Class Formula

java.lang.Object
smile.data.formula.Formula
All Implemented Interfaces:
Serializable

public class Formula extends Object implements Serializable
The model fitting formula in a compact symbolic form. An expression of the form y ~ model is interpreted as a specification that the response y is modelled by a linear predictor specified symbolically by model. Such a model consists of a series of terms separated by + operators. The terms themselves consist of variable and factor names separated by :: operators. Such a term is interpreted as the interaction of all the variables and factors appearing in the term. The special term "." means all columns not otherwise in the formula in the context of a data frame.

In addition to + and ::, a number of other operators are useful in model formulae. The && operator denotes factor crossing: a && b interpreted as a+b+a::b. The ^ operator indicates crossing to the specified degree. For example (a+b+c)^2 is identical to :(a+b+c)*(a+b+c) which in turn expands to a formula containing the main effects for a, b and c together with their second-order interactions. The - operator removes the specified terms, so that (a+b+c)^2 - a::b is identical to a + b + c + b::c + a::c. It can also be used to remove the intercept term: when fitting a linear model y ~ x - 1 specifies a line through the origin. A model with no intercept can be also specified as y ~ x + 0.

While formulae usually involve just variable and factor names, they can also involve arithmetic expressions. The formula log(y) ~ a + log(x), for example, is legal.

Note that the operators ~, +, ::, ^ are only available in Scala API.

See Also:
  • Constructor Details

    • Formula

      public Formula(Term response, Term... predictors)
      Constructor.
      Parameters:
      response - the left-hand side of formula, i.e. dependent variable.
      predictors - the right-hand side of formula, i.e. independent/predictor variables.
  • Method Details

    • predictors

      public Term[] predictors()
      Returns the predictors.
      Returns:
      the predictors.
    • response

      public Term response()
      Returns the response term.
      Returns:
      the response term.
    • toString

      public String toString()
      Overrides:
      toString in class Object
    • equals

      public boolean equals(Object o)
      Overrides:
      equals in class Object
    • lhs

      public static Formula lhs(String lhs)
      Factory method. The predictors will be all the columns not otherwise in the formula in the context of a data frame.
      Parameters:
      lhs - the left-hand side of formula, i.e. dependent variable.
      Returns:
      the formula.
    • lhs

      public static Formula lhs(Term lhs)
      Factory method.
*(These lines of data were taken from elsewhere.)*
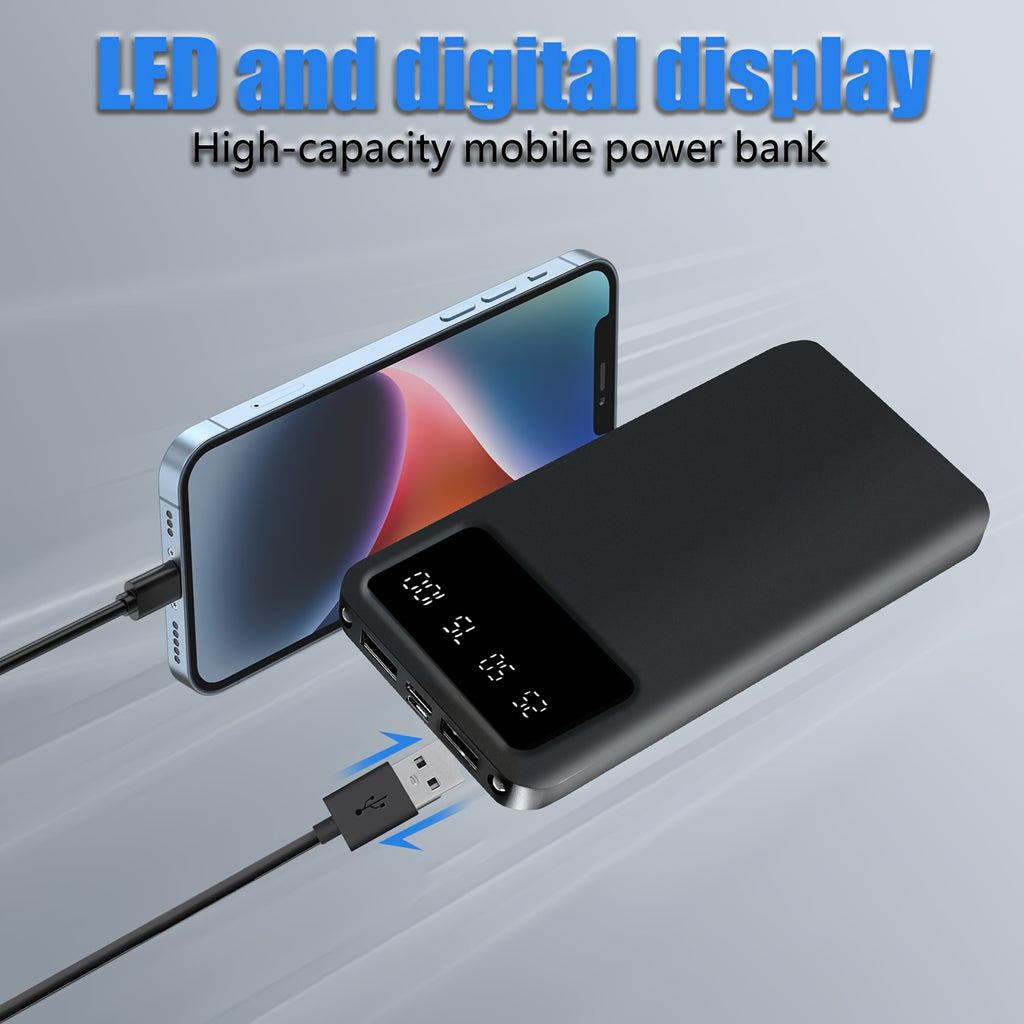 Large Capacity Mobile Power Supply 10000/ 20000mah, 5V2.1A Portable USB Charger, LED And Digital Display, For Ios/ Android Devices, 2xUSB Output, Type-c/ Micro Input, Safe And Stable Polymer Lithium Battery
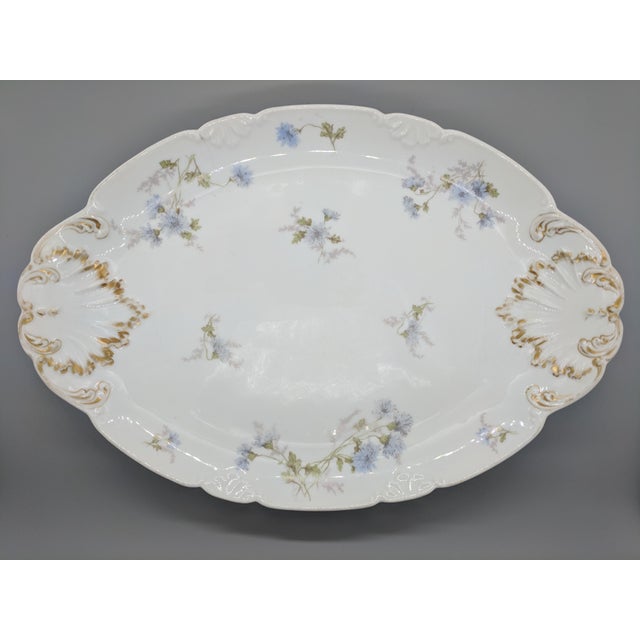 Haviland China Limoge Blue Floral Pattern Late 1800'S Antique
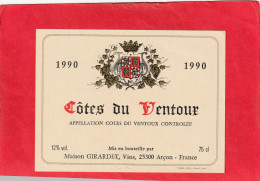 COTES DU VENTOUX  .  1990 - Côtes Du Ventoux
The predictors will be all the columns not otherwise in the formula in the context of a data frame.
      Parameters:
      lhs - the left-hand side of formula, i.e. dependent variable.
      Returns:
      the formula.
    • rhs

      public static Formula rhs(String... predictors)
      Factory method. No response variable.
      Parameters:
      predictors - the right-hand side of formula, i.e. independent/predictor variables.
      Returns:
      the formula.
    • rhs

      public static Formula rhs(Term... predictors)
      Factory method. No response variable.
      Parameters:
      predictors - the right-hand side of formula, i.e. independent/predictor variables.
      Returns:
      the formula.
    • of

      public static Formula of(String response, String... predictors)
      Factory method.
      Parameters:
      response - the left-hand side of formula, i.e. dependent variable.
      predictors - the right-hand side of formula, i.e. independent/predictor variables.
      Returns:
      the formula.
    • of

      public static Formula of(String response, Term... predictors)
      Factory method.
      Parameters:
      response - the left-hand side of formula, i.e. dependent variable.
      predictors - the right-hand side of formula, i.e. independent/predictor variables.
      Returns:
      the formula.
    • of

      public static Formula of(Term response, Term... predictors)
      Factory method.
      Parameters:
      response - the left-hand side of formula, i.e. dependent variable.
      predictors - the right-hand side of formula, i.e. independent/predictor variables.
      Returns:
      the formula.
    • of

      public static Formula of(String s)
      Parses a formula string.
      Parameters:
      s - the string representation of formula.
      Returns:
      the formula.
    • expand

      public Formula expand(StructType inputSchema)
      Expands the Dot and FactorCrossing terms on the given schema.
      Parameters:
      inputSchema - the schema to expand on
      Returns:
      the expanded formula.
    • bind

      public StructType bind(StructType inputSchema)
      Binds the formula to a schema and returns the schema of predictors.
      Parameters:
      inputSchema - the schema to bind with
      Returns:
      the data structure of output data frame.
    • apply

      public Tuple apply(Tuple tuple)
      Apply the formula on a tuple to generate the model data.
      Parameters:
      tuple - the input tuple.
      Returns:
      the output tuple.
    • x

      public Tuple x(Tuple tuple)
      Apply the formula on a tuple to generate the predictor data.
      Parameters:
      tuple - the input tuple.
      Returns:
      the output tuple.
    • frame

      public DataFrame frame(DataFrame data)
      Returns a data frame of predictors and optionally response variable (if input data frame has the related variable(s)).
      Parameters:
      data - The input data frame.
      Returns:
      the output data frame.
    • x

      public DataFrame x(DataFrame data)
      Returns a data frame of predictors.
      Parameters:
      data - The input data frame.
      Returns:
      the data frame of predictors.
    • matrix

      public Matrix matrix(DataFrame data)
      Returns the design matrix of predictors. All categorical variables will be dummy encoded. If the formula doesn't have an Intercept term, the bias column will be included. Otherwise, it is based on the setting of Intercept term.
      Parameters:
      data - The input data frame.
      Returns:
      the design matrix.
    • matrix

      public Matrix matrix(DataFrame data, boolean bias)
      Returns the design matrix of predictors. All categorical variables will be dummy encoded.
      Parameters:
      data - The input data frame.
      bias - If true, include the bias column.
      Returns:
      the design matrix.
    • y

      public BaseVector y(DataFrame data)
      Returns the response vector.
      Parameters:
      data - The input data frame.
      Returns:
      the response vector.
    • y

      public double y(Tuple tuple)
      Returns the real-valued response value.
      Parameters:
      tuple - the input tuple.
      Returns:
      the response variable.
    • yint

      public int yint(Tuple tuple)
      Returns the integer-valued response value.
      Parameters:
      tuple - the input tuple.
      Returns:
      the response variable.